Of course, there's a mistake in the formula in the movie!

What is the Elo rating system? As originally proposed, it presumes that if two players A and B have ratings \(R_A\) and \(R_B\), then the expected score of player A is \[\frac{1}{1+10^{\frac{R_B-R_A}{400}}}.\] Furthermore, if A has a current rating of \(R_A\) and plays some more games, then the updated rating \({R_A}'\) is given by \({R_A}' = R_A + K(S_A-E_A)\), where \(K\) is an adjustment factor, \(S_A\) is the number of points scored by A and \(E_A\) was the expected number of points scored by A based on the rating \(R_A\).

Now, the expected score formula given above has the same form as a logistic regression model. What's the connection between the two? One answer is that Elo's rating system is a type of online version of a logistic model. An online algorithm is an algorithm that only sees each piece of data once. As applied to a statistical model, it's a model with parameter estimates that are updated as new data comes in, but not refitting on the entire data set. It can also be considered a memoryless model; it has "forgotten" the old data and only knows the current parameter estimates. The appeal of such models is that they're extremely efficient, can operate on enormous data sets and parameter estimates can be updated in real-time.

Okay, let's say we have a "forgetful" logistic model. Can we derive an updating rule, and does it look like Elo's? I'm going to give one possible derivation under the simplifying assumption that games are won or lost, with no ties.

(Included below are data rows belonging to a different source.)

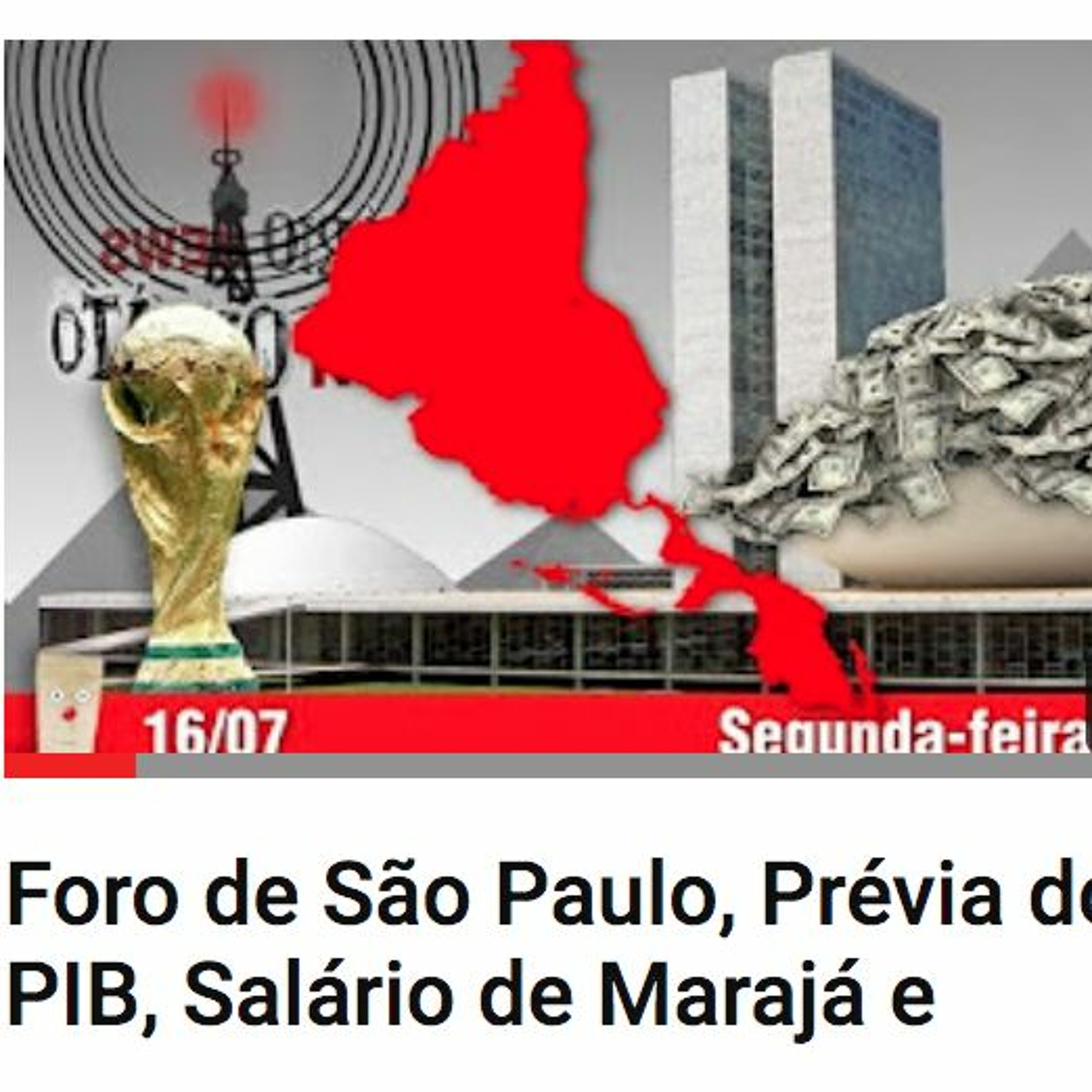 Canal do Otário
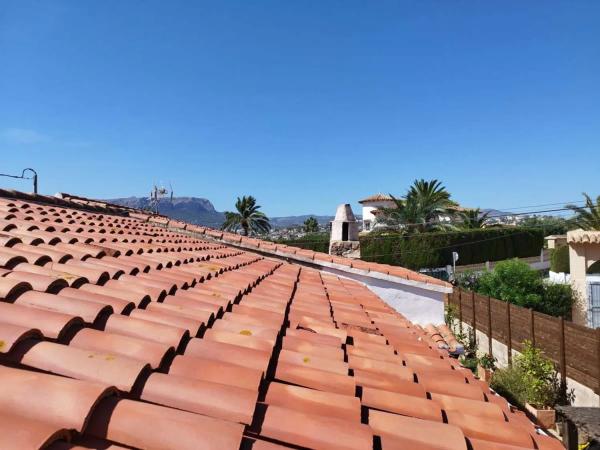 Casa independiente en Partida la Merced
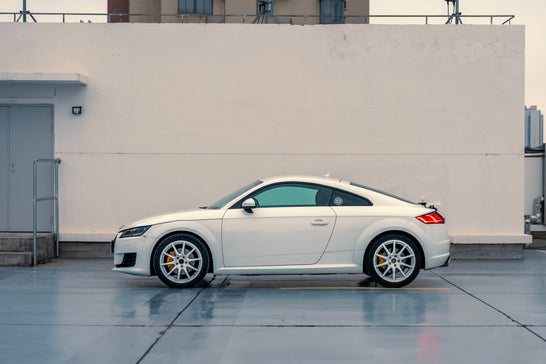 AUDI TT-001-FF FK75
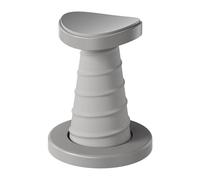 Automatic Rebound Push Up Grips, Exercise Assist Training Bar, Calisthenics Support Stand, Portable Gym Fitness Accessory, Ergonomic Muscle Building Gear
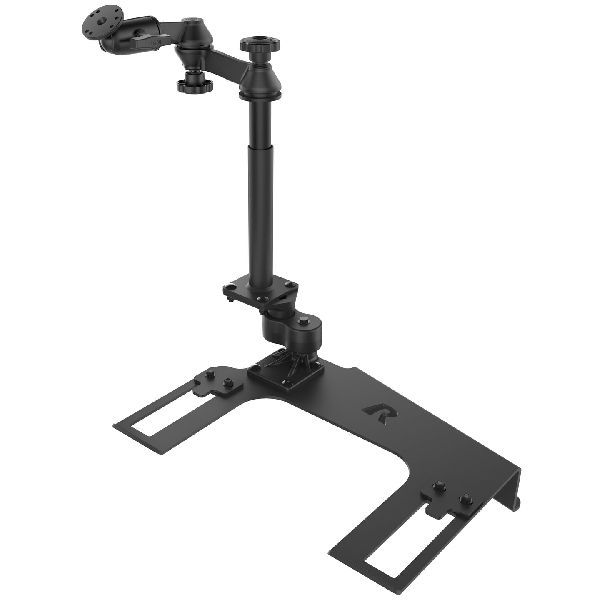 No-Drill™ Mount for 2015-2025 Chevrolet Colorado + More
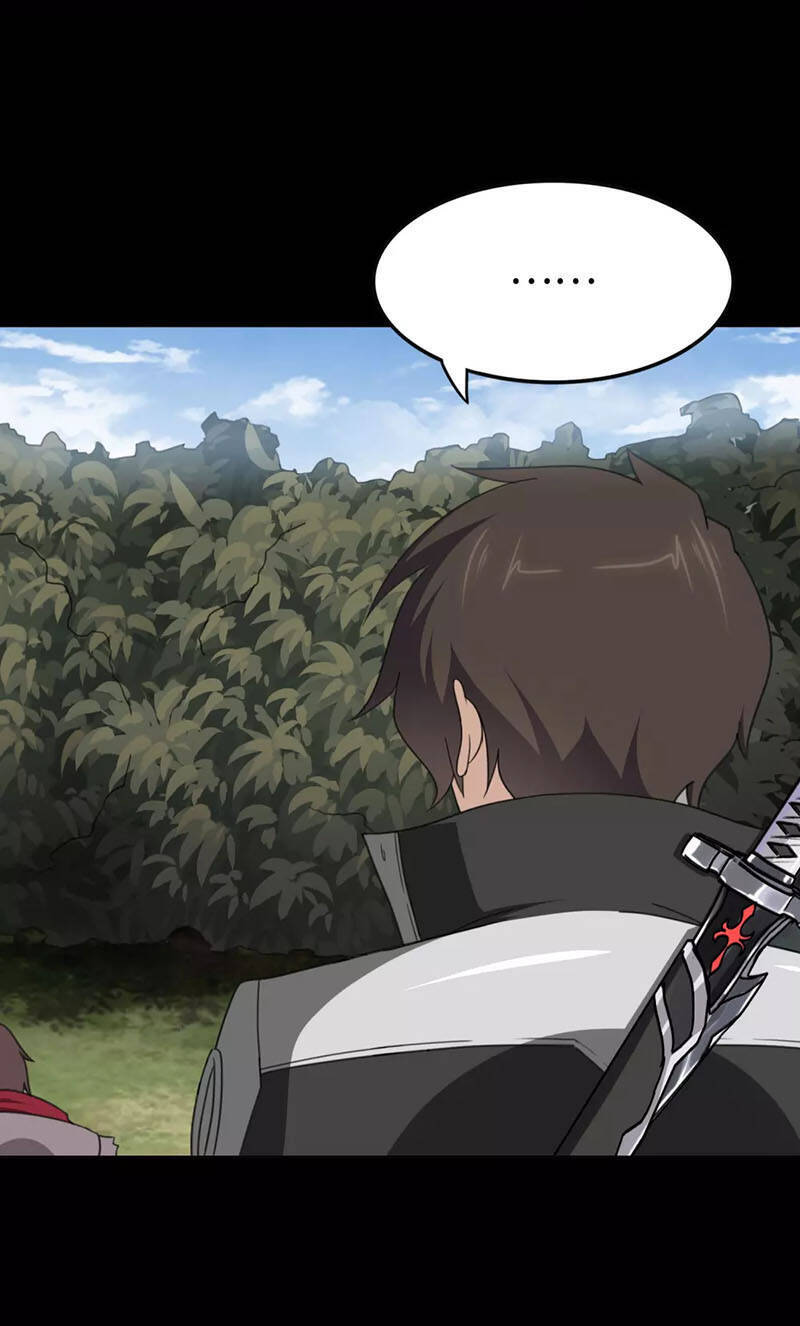 Bạn Gái Zombie Của Tôi Chapter 191 - 13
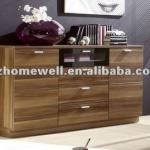 modern low sideboard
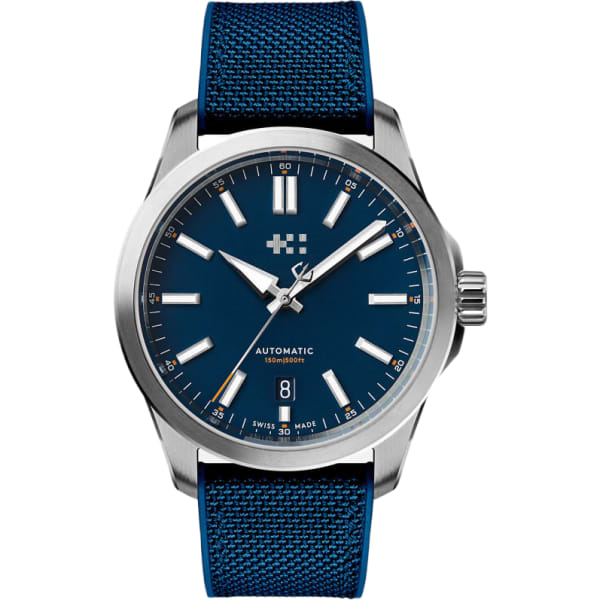 Christopher Ward C63 Sealander Automatic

We don't know how many games A and B had previously played, so let's assume they both had previously played \(n\) games and have just played \(m\) additional games between them, with A scoring \(S_A\) points. That means they've both played \(n+m\) games, but we're just going to forget this again, so let's adjust everything so that they end up with \(n\) games. One way to do this is to normalize \(n\) and \(m\) so that they sum to \(n\), thus \(n\) becomes \(n\frac{n}{n+m}\) and \(m\) becomes \(m\frac{n}{n+m}\).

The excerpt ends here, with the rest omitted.